Natürlich Mängel. Roman.
Thomas Pynchon, Rowohlt

Natürlich Mängel

Vollkommen bescheuert

Larry "Doc" Sportello betreibt in Gordita Beach, einem Vorort von L.A., ein Detektivbüro, praktisch direkt am Strand. Doc ist kleinwüchsig, langhaarig, ständig von einer Mariuhanawolke umgeben und etwas ambulantem Sex nie abgeneigt. Seine seit einem Jahr nicht mehr gesehene Ex Shasta taucht plötzlich auf und bittet ihn um Hilfe. Letztlich geht es um das Verschwinden ihres Geliebten Michael Wolfmann, einem Immobilienbaron, aber schon der erste Ortstermin verwickelt den Kifferinvestigator in einen Mordfall. Schließlich wacht er, schwer halluzinierend, neben der Leiche eines Wolfmann-Bodyguards auf, und blickt in das reale Gesicht von "Bigfoot" Bjornsen, einem LAPD-Detective. Wir schreiben die frühen Siebziger. Die meisten Leute kiffen, kauen auf getränkten Löschblättern herum, hören Surfermusik und tragen schreiendbunte Klamotten, nicht selten paisleygemustert.
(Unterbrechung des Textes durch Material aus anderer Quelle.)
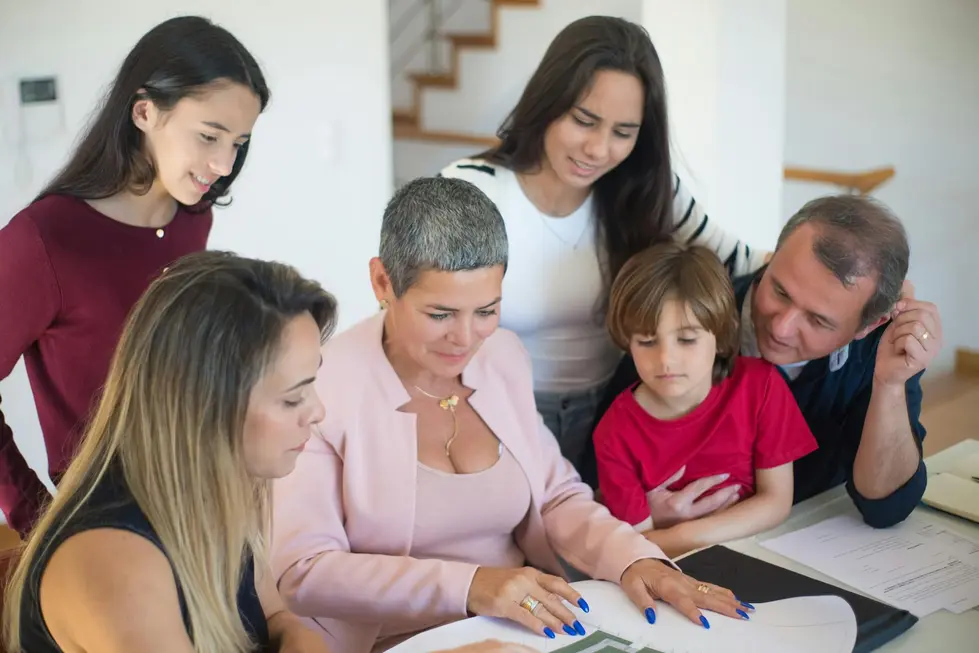 Família reunida celebrando o fim das dívidas com FGTS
Der neueste Roman des mysteriösen Romanciers ("Die Enden der Parabel", "Vineland", "Mason & Dixon") liest sich tatsächlich vergleichsweise leicht, wenn man als Messlatte Pynchons sonstige Veröffentlichungen anlegt. Man versteht den Text, ohne ständig Literaturlisten wälzen oder Fremdwörterbücher zur Hand nehmen zu müssen, aber das bedeutet noch längst nicht, dass man auch dem Inhalt zu folgen in der Lage ist. Da gibt es eine Organisation subversiver Zahnärzte, eine faschistoide Truppe namens "Kalifornien Erwache!", ein seltsames Schmuggelschiff, das "Goldener Fang" getauft wurde, da wuseln drogensüchtige Drogenspitzel herum, von denen einer beispielsweise Bassist der Surfband "The Boards" war (oder immer noch ist), es tauchen sogar Zombies (metaphorische oder echte - wer weiß es?) auf, dann führt die Handlung plötzlich nach Vegas oder auf die Baustelle einer utopischen, kostenlos zu bewohnenden Siedlung, die Wolfmann gerade plante. Auf jeder Seite werden zwei, drei neue Figuren eher nachlässig eingeführt, zwischen obskuren Liedtexten und ziellosen Dialogen, von Charles Manson ist die Rede und von Richard Nixon, dessen Konterfei merkwürdigerweise auf gefälschten 20-Dollar-Noten zu finden ist, die irgendwie mit dem Schiff "Goldener Fang" zu tun haben. Die Schauplätze werden weggeraucht wie die Joints, die Doc Sportello ständig inhaliert, und so ab Seite 200 bestand mein einziges Interesse nur noch darin, diese total bescheuerte, absolut ungenießbare Schwarte möglichst schnell hinter mich zu bringen.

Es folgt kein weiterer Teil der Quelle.